I have quite a lot of audio cassettes on which I copied records years ago. No longer having the records, a good cassette deck is important to me and I find the Nakamichis do the trick (earlier I had a DR-3 — again extremely good but not in the same league as the Nakamichi three-head jobs, of course). It is disappointing about my DR-1: they have excellent user reviews, and I guess I might have just ended up with a bad one (or maybe it was heavily used by the previous owner). I don't feel able to give top marks for this particular DR-1.
All this is necessary because digital sound turns my blood to ice.
Reviewed Jun 23rd, 2015 by Bill Wang
If you ever need a cassette tape recorder again, get this one.
You don't need to buy the most expensive tapes to enjoy the best results; any type II (CrO2) will get you to smile.
One note: if you have a big hand like mine, you may wish they put in a bigger Power button.
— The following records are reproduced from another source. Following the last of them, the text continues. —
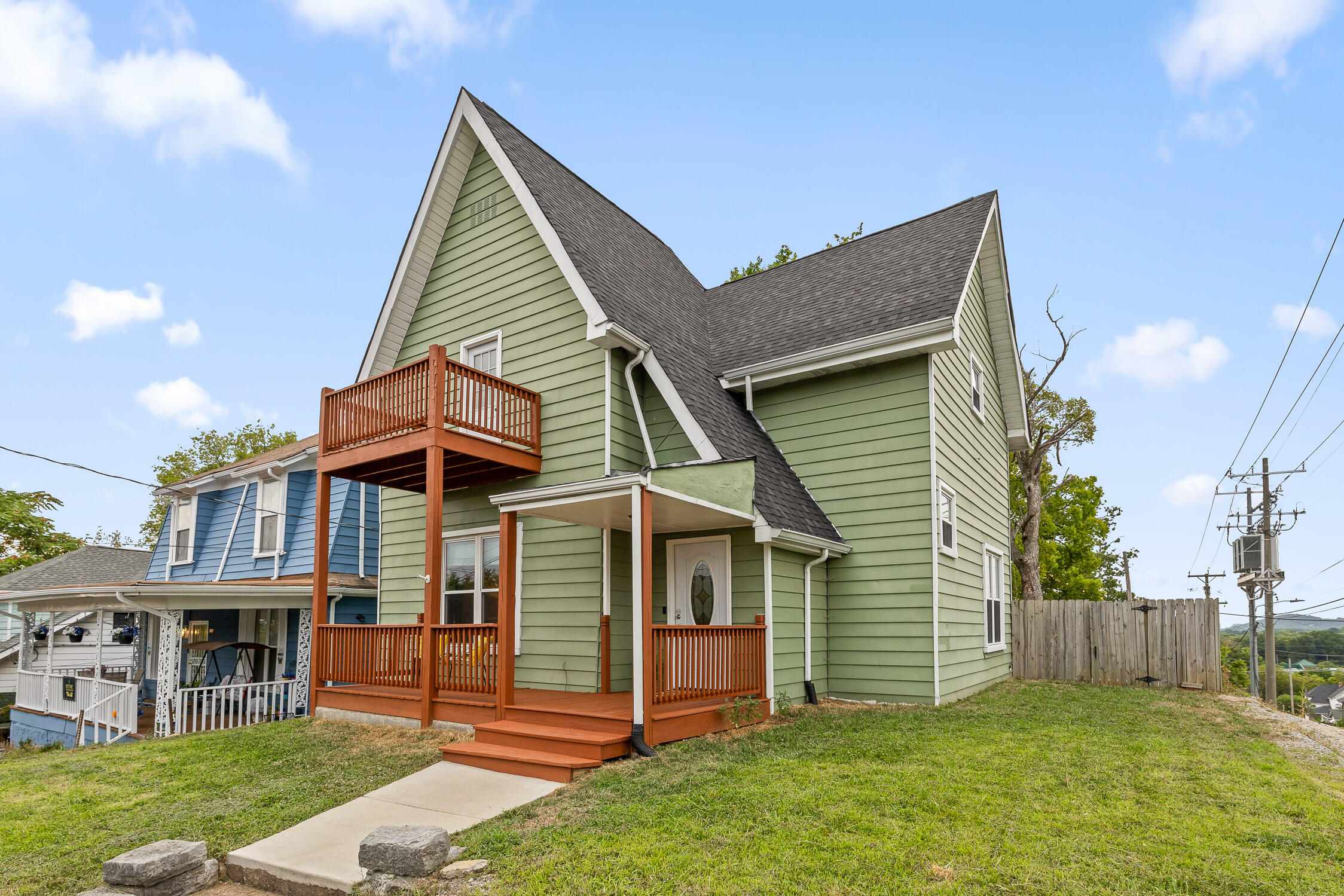 Oak St, Chattanooga, TN 37404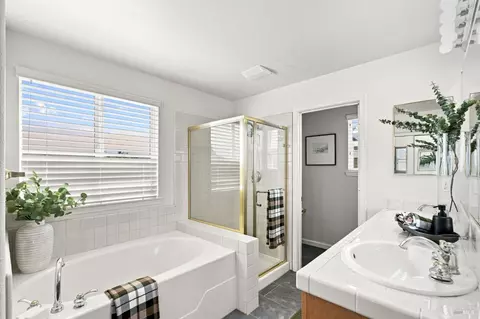 Bath - 8009 Ferrari Way, Windsor, CA 95492 photo 2 of 3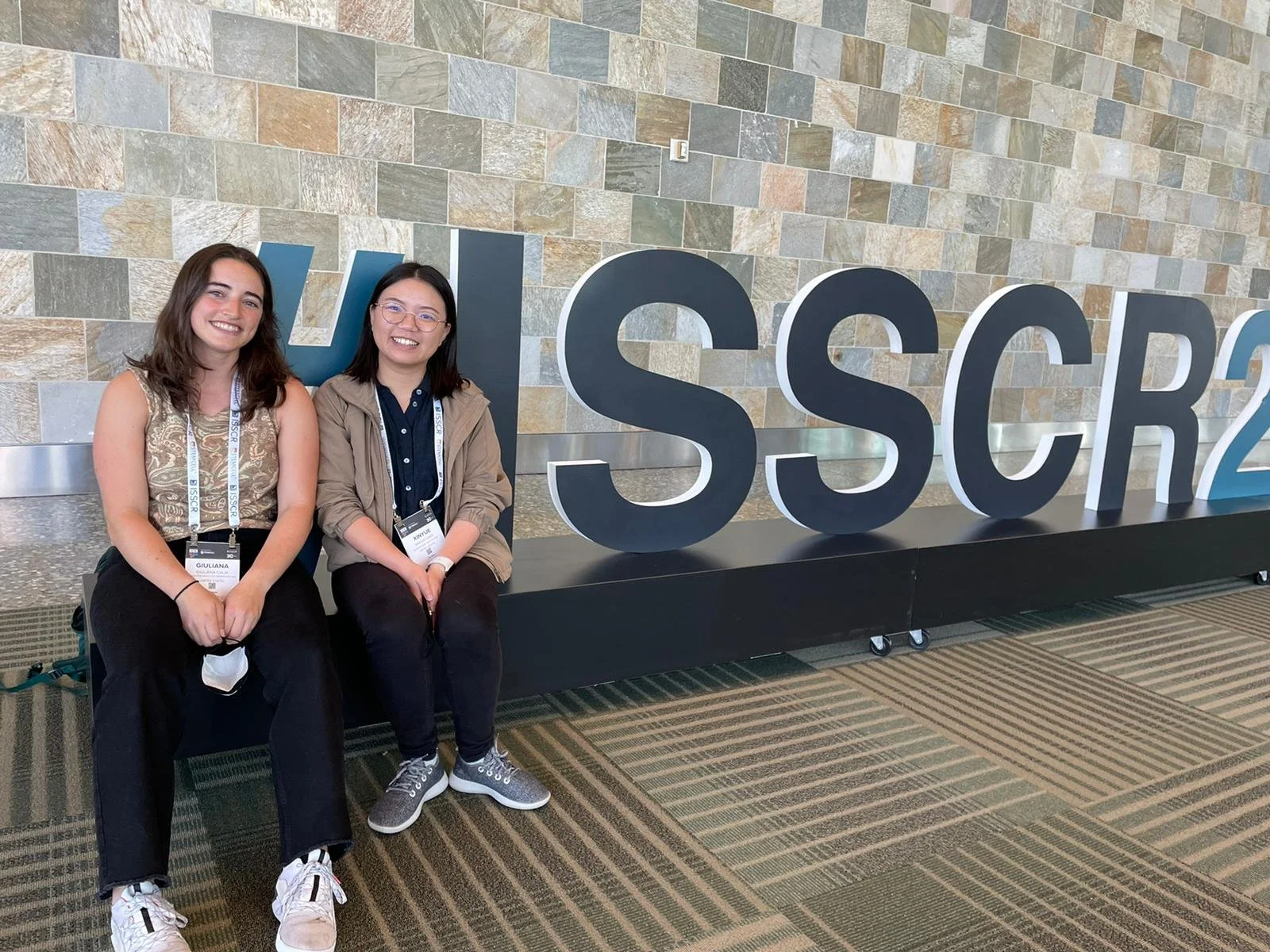  Xinyue and Giuliana taking a quick pick at the Stem Cell conference, Spring 2022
It is a little too small, just my personal opinion, for a power button of any recorders.
Reviewed Apr 02nd, 2015 by hgturner
Supurb Deck on every level.
Reviewed Oct 08th, 2012 by majorfubar
Not as good as 'classic' Nakamichi range toppers, e.g.: for starters it has belt-driven capstans in place of DD motors, and there is no auto bias and level calibration, nor even any built-in oscillator to assist with setting the bias fine tune. However you've got to put it in perspective. When I say the DR-1 is not as good as classic range-topping Naks, it's like a sports-car reviewer saying the Aston Martin DB9 is not as good as the DBS: the DR-1 will still probably wipe the floor with anything which isn't a Nak.